Con ser el más elevado del tramo, el pico de la Serradilla no es más que un punto alto de la Sierra, sin apenas relevancia, pero constituye un buen otero desde el que mirar.

Desde la cima de la Serradilla, al fondo, en la lejanía, se divisa el Circo de Gredos
Por delante y hacia el Oeste, la fácil loma se deja caminar con rapidez y nos aproximamos al Lanchalisa, conjunto de picachos graníticos que se elevan airosos a la par que el cordal se estrecha sobremanera, con empinada ladera al Norte y muy abrupta al Sur. Sin ser difícil, resulta la parte más entretenida de la ruta, a lo largo de la cual nos deleitamos con sus rincones y realizamos las trepadas a las puntas.  

Grupos rocosos del Lanchalisa
Los mojones guían la marcha que transcurre próxima al filo, alternando ambas vertientes y evitando las laderas enmarañadas con densos piornos.


Desde el último picacho del Lanchalisa, a nuestros pies, el valle del Tiétar.
Tras dejar atrás el Lanchalisa alcanzamos el Mojón Cimero. 

Atrás queda el Lanchalisa
El sol aprieta de lo lindo; la deshidratación va haciendo mella,

Cada cual se cobija del sol como buenamente puede
Y nuestra mente va fija en llegar al Puerto del Alacrán, teñido de amarillo y verde de piornos en flor, porque hay fuente unos metros por debajo de él.

El Puerto del Alacrán, teñido de amarillo, visto desde el Mojón Cimero
Descendemos envueltos por el perfume que desprenden las flores. 

Pasamos sin apenas detenernos junto al cartel de madera que indica el nombre del Puerto (1.773m) y continuamos bajando por una senda que se interna entre las matas, más altas que nosotros mismos.
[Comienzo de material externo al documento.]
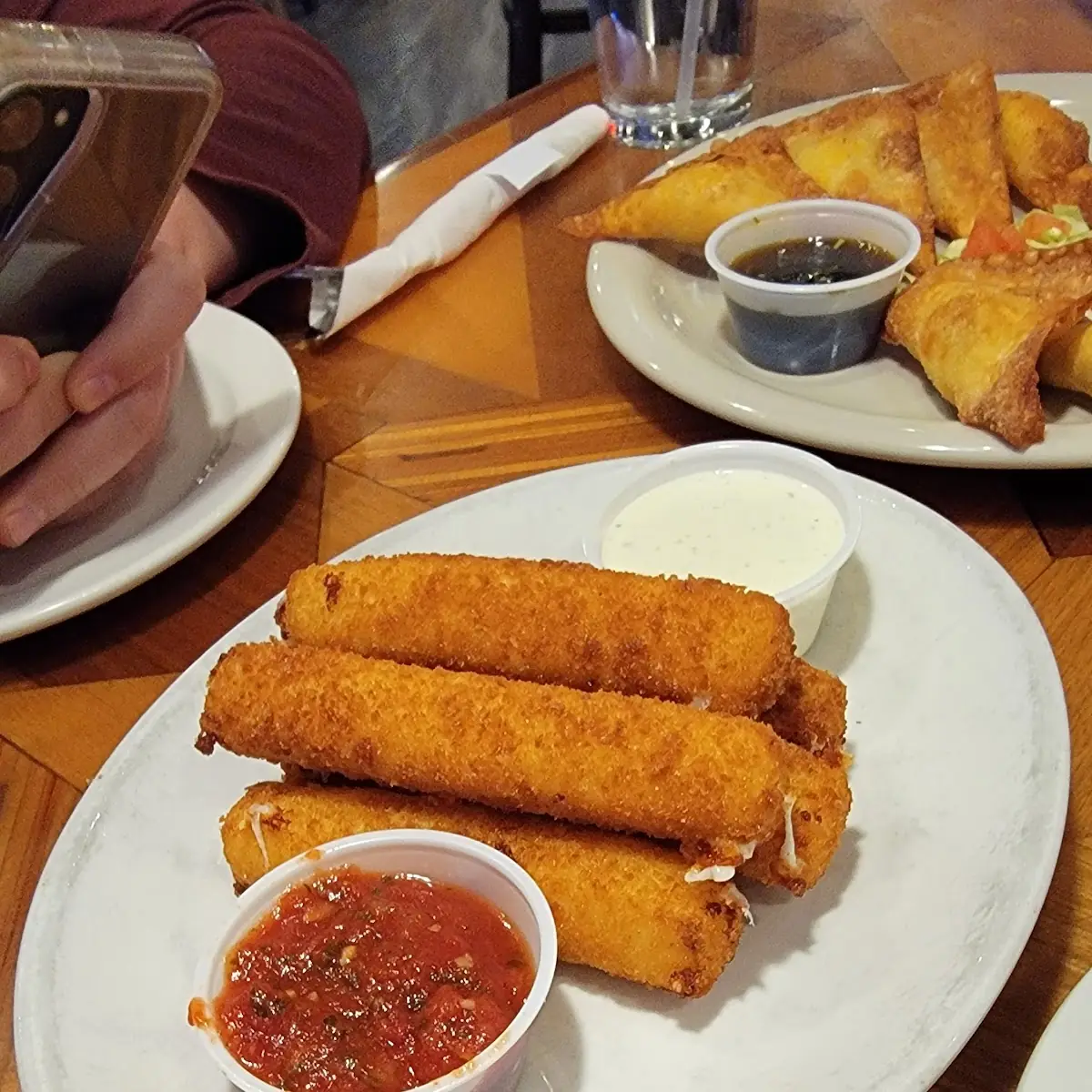 Mozzarella Cheese Sticks
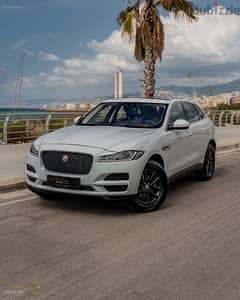 Jaguar F-Pace 2017 V6, Company Source & Services (Saad&Trad)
Polen, sudor y sed, por entre los desmesurados y bellos piornos, zigzagueamos vereda abajo contribuyendo con nuestros cuerpos y zarandeos a la polinización de los arbustos.

Conseguimos coger algo de agua terrosa de la minúscula fuente, insuficiente para calmar la sed que nos acucia pero válida para continuar en pos del bosque que ya está cerca.

Una vez entre los árboles, agradecemos la sombra, titubeamos en un claro hasta reencontrar las marcas amarillas y blancas, y por fin, a los 1.350m de altitud, entre los pinos, ¡Damos con una abundante fuente! que calma nuestra sed y de la que nos aprovisionamos para el resto de la bajada. Las cosas se ven ya de otra manera.

Marchamos apaciblemente, a la sombra de los pinos; en la lejanía quedan los riscos del Lanchalisa. No hace tanto andábamos por allí.

El fresco bosque huele a pino y a helecho.


Atrás quedan las montañas perfilados sus contornos por sol del atardecer,

Mientras nosotros nos aproximamos al final de un circuito que ha supuesto 20km de recorrido, salvando un desnivel total en ascenso de 1.175m, por un lugar muy poco transitado y con una naturaleza primitiva y acogedora que invita a quedarse y a la que sin duda habrá que volver.